Rammed Earth Walls – Oh, How I Love Thee!
I’ve written before (briefly) about my love for rammed earth walls and the beauty they bring to renovations and designs. I even suggested that they would become the next big thing.
For the uninitiated, rammed earth walls are a method of building walls in situ with a selected mixture of aggregates (gravel, earth sand, silt and clay) and a small amount of cement being “rammed” between 2 panels, moulds or formwork, gradually building one layer on top of another until the desired height is reached. When the formwork is removed it reveals a naturally textured surface that’s as beautiful to touch as they are to admire.
The renewed interest in rammed earth walls is not an accident, as they tick all the boxes for today’s socially and environmentally conscious designer; they have great thermal mass, they are strong and durable, they are sustainable, and they are great to look at as they have a natural warmth and beauty that speaks to the land and complements the natural environment.

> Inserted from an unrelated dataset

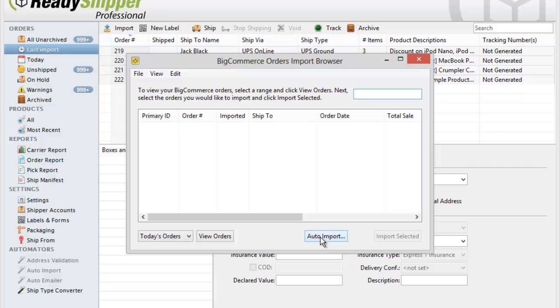You'll also have the option to turn on the Auto Importer. This is a popular option that will allow ReadyShipper to check your BigCommerce store on a schedule that you determine for new orders and automatically import them in.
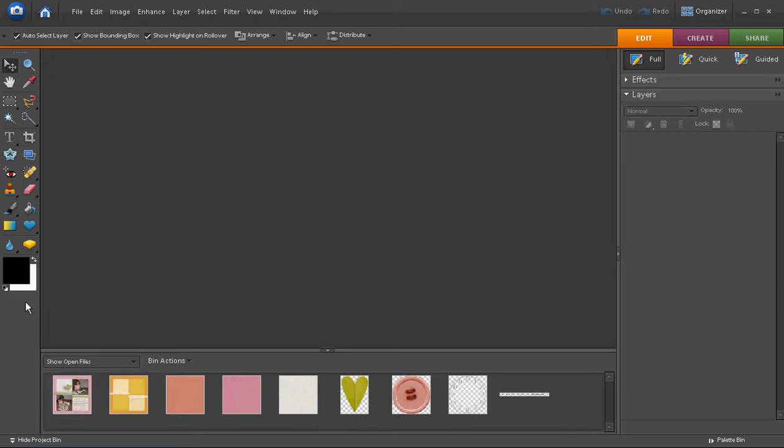In this tutorial we are going to look at how to begin the process of creating a digital scrapbook layout in Photoshop Elements 6.0. I have a couple of photos on my computer that I want to use to create a scrapbook page.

These wondrous walls also offer the benefits of temperature and noise reduction, low maintenance, load bearing confidence, and they are fire-proof and pest resistant. Plus, there is the absolute pleasure of building with natural and environmentally sound materials.
Fire Protection – The earth doesn’t burn, so these are perfect for areas of high fire danger, such as bush settings and leafy neighbourhoods.
Noise Reduction – They keep the noise out (or in) and so are perfect in high-traffic suburbs, between close dwellings, or rooms with different needs.
Durability and Strength – Immune to fire, termites and the weather, with modern technology and different mixes, they require little maintenance. Normally coated with an air-permeable sealer to increase longevity, they may require reseal every 10, 15, to 20 years, depending on components.
Thermal Mass – Today’s builds and renovations are all about building science, and rammed earth walls are aligned with that. The walls provide excellent protection from climate extremes with internal temperatures remaining stable; cooler in summer and warmer in winter. The wineries of Western Australia are famous for their rammed earth buildings.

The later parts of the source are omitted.